I just realized that they may not make a PSU with enough wattage or connectors to drive a dual E5 system with 4 GPUs (possibly some of them having more than one GPU chip on board, such as with the HD 7990 or a possible future GTX 790).
Could it be possible that the PSU may put a cap on my wish to build a system with two CPU slots and four GPUs in a bench, tower, or free-standing form factor?
If you look at prices for all these parts, we're talking about a $5,000 to $6,000 system. I can't do that all at once. But I would like to do it in phases over the course of the next two or three years. Which means that the PSU (or multiple PSUs?) should be planned and sized early in the project so that I won't have to scramble when it's time to place an order.
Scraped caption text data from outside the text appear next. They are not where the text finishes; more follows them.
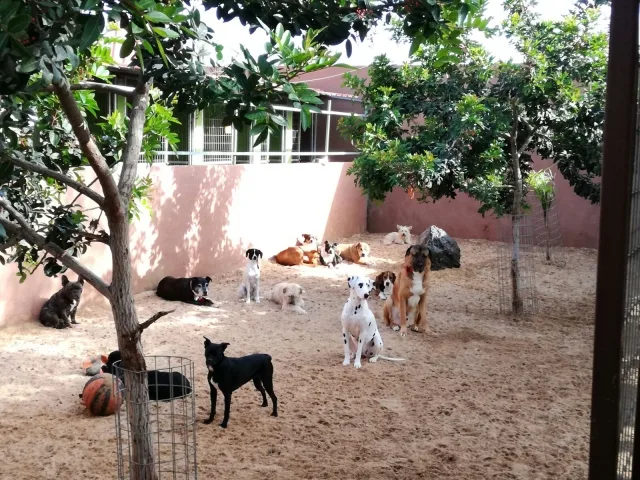 Tu centro canino Damián Machado - Canary Islands pet otel görseli 2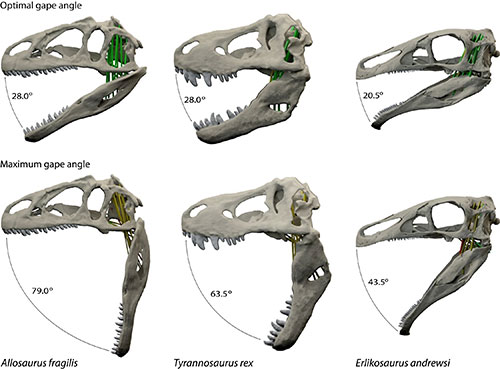 Image of optimal and maximal jaw gapes for the three dinosaurs in the new study: Allosaurus fragilis, Tyrannosaurus rex and Erlikosaurus andrewsi 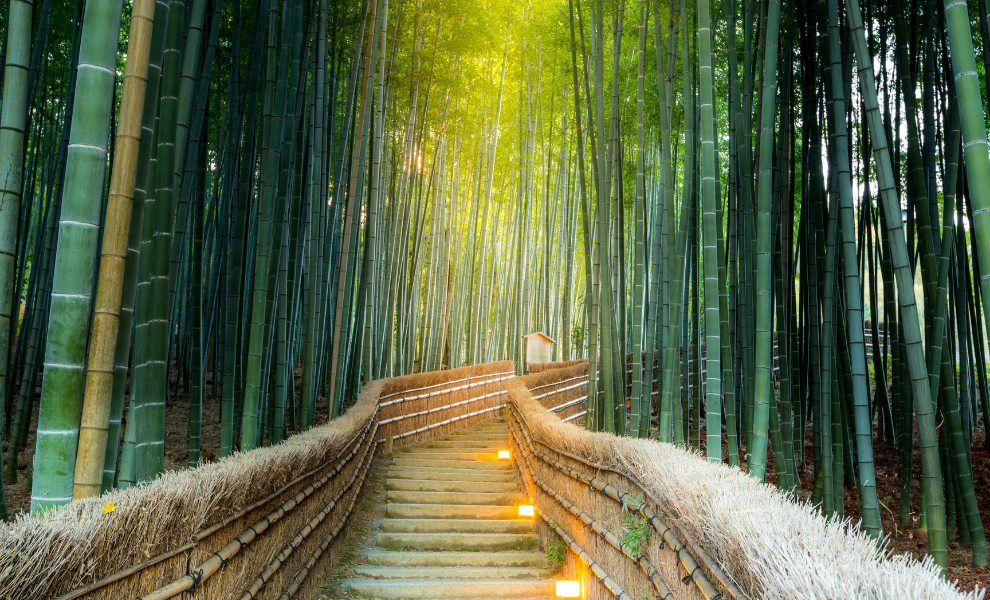 嵐山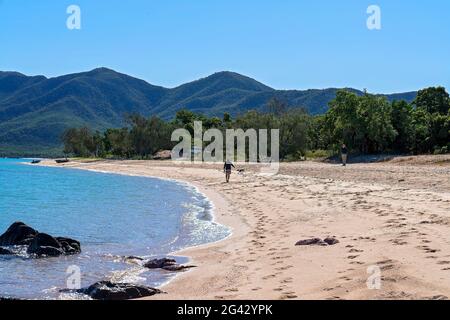 Cape Gloucester, Queensland, Australien - 2021. Juni: Mann, der mit seinem Hund am Strand läuft, während ein älterer Mann in der Nähe steht und seine Drohne fliegt Stockfoto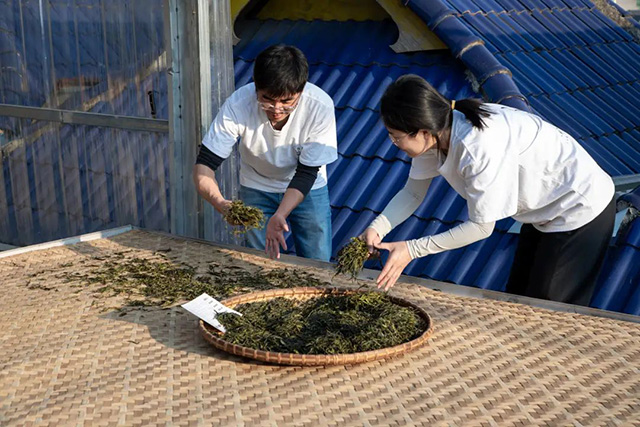 海湾茶业24周年终极盛宴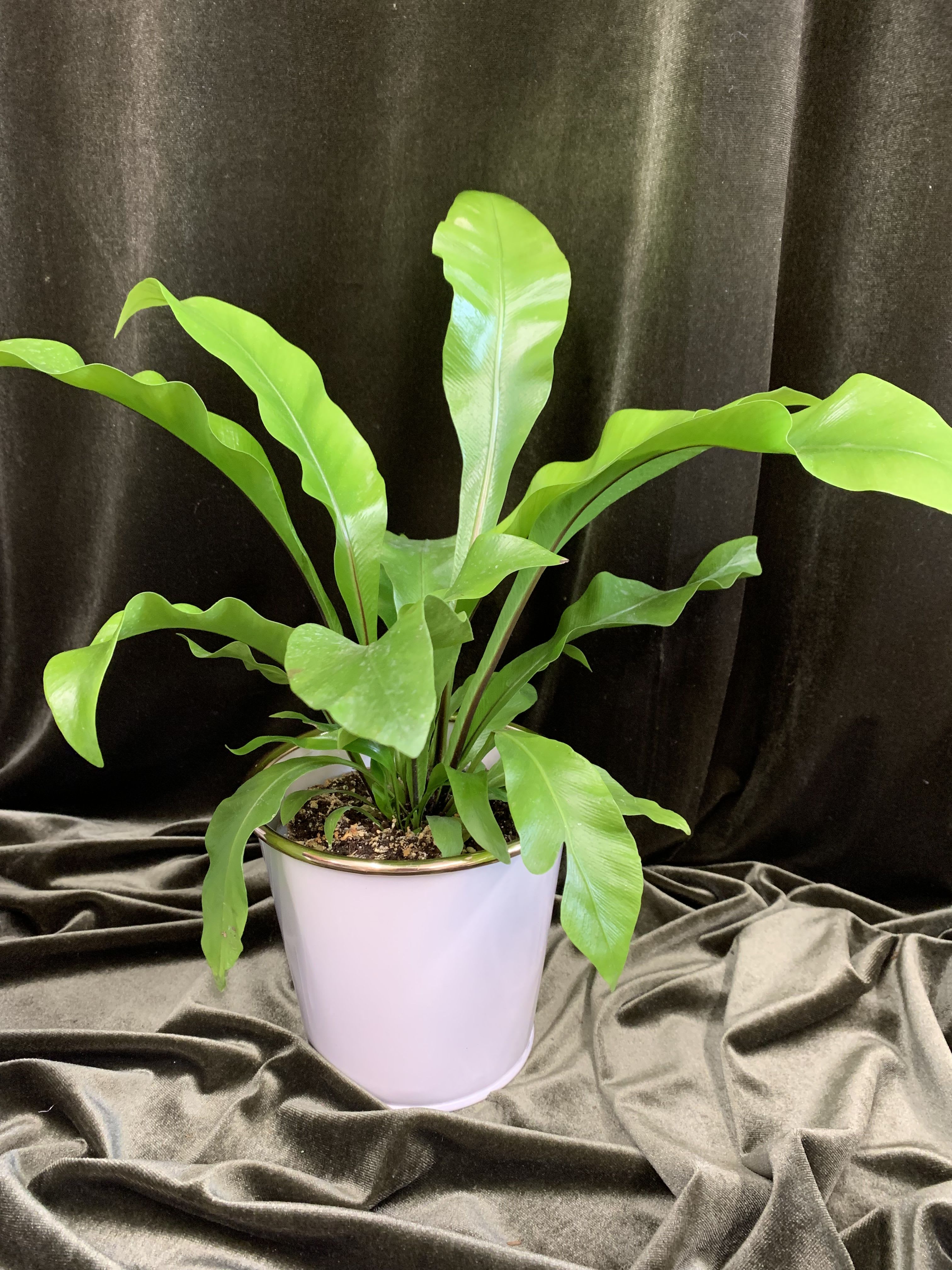 Lovely Birdsnest Fern Plant - Green Plant with ribbon in a green container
For reference, this is going to be a high-compute machine for the great majority of time, and it will run F@H 24/7 except when I send it GPGPU work from my main workstation. It will probably live in the guest bedroom and will likely serve as a web browser when visitors come and stay; guests who don't arrive with their own laptop, that is... Heat generation will not be insignificant, so for comfort I plan to stop folding when guests are over.
It will be set up for Steam and therefore might be used for games on occasion, but probably not often; and certainly no need for Crossfire or SLI; just multiple badass GPUs for compute and one to drive a single big monitor.
Is this plan feasible with just one very big PSU, or am I getting into rarified air here? If multiple PSUs are needed, how do you do that and satisfy the 24-pin load on the second PSU...and where do you put a second PSU?
I also have a semi-related case topic. It was a judgement call, but I decided to separate the two.